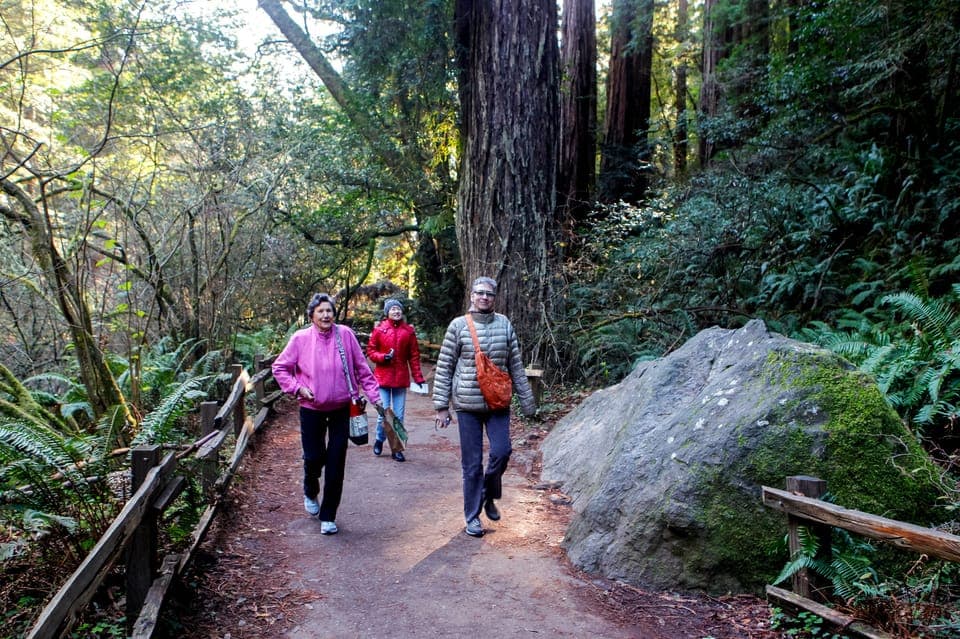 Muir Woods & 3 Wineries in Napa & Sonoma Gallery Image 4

==

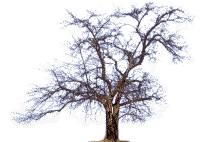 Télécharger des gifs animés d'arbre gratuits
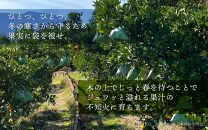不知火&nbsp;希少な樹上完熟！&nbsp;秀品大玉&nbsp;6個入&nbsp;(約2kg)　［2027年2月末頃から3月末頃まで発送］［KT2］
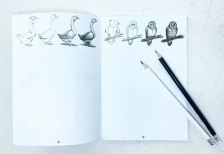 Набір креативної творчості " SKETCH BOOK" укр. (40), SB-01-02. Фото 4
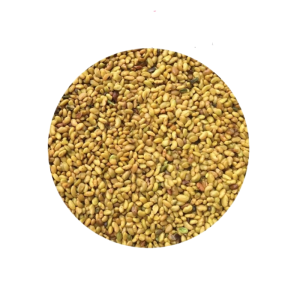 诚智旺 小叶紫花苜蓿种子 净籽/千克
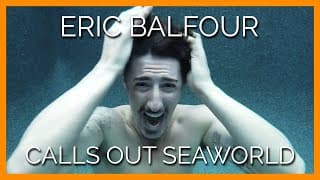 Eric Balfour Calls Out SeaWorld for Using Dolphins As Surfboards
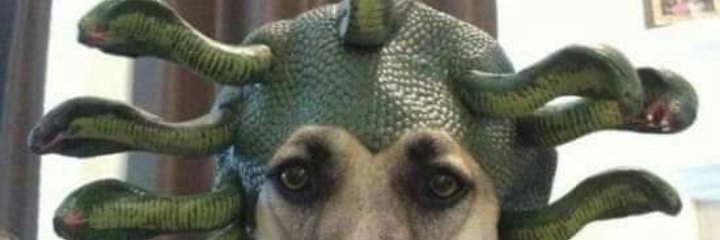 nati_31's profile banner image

==

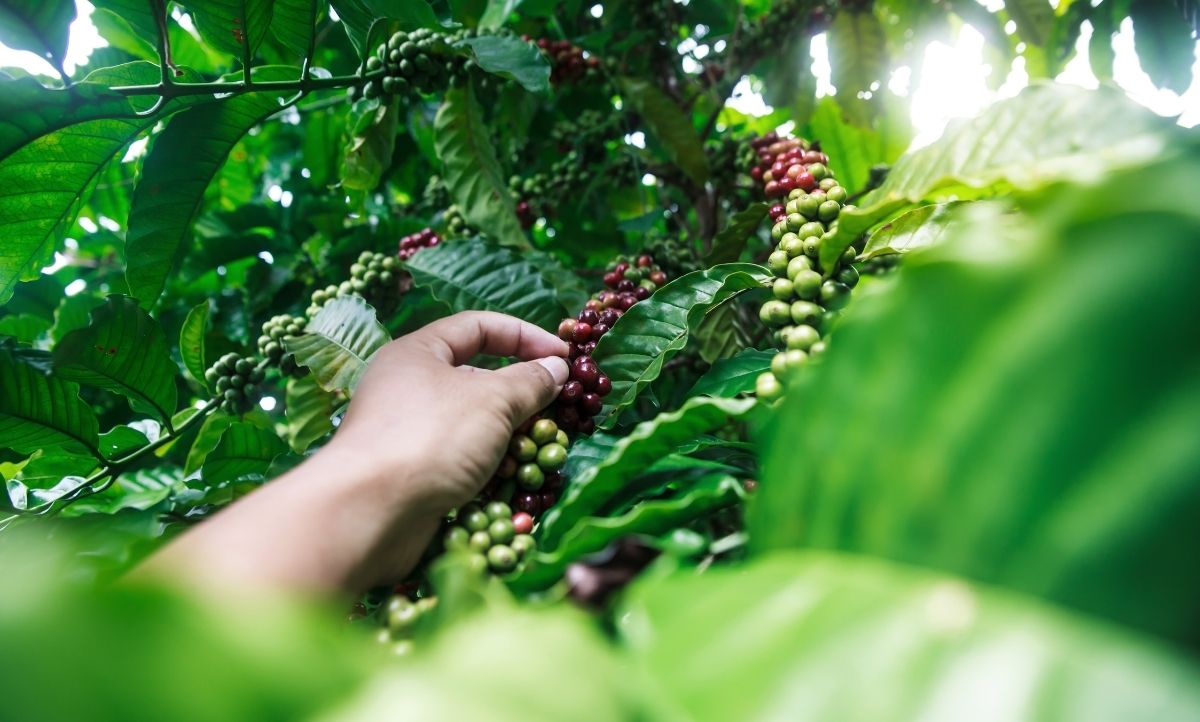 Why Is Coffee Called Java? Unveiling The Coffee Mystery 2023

* WHAT THIS TASK INVOLVES
Beginning at the line that has "Набір креативної творчості" and ending at the line that has "nati_31's profile banner image", restate the listing above word for word, pictures left out.

* RESPONSE
 Набір креативної творчості " SKETCH BOOK" укр. (40), SB-01-02. Фото 4
 诚智旺 小叶紫花苜蓿种子 净籽/千克
 Eric Balfour Calls Out SeaWorld for Using Dolphins As Surfboards
 nati_31's profile banner image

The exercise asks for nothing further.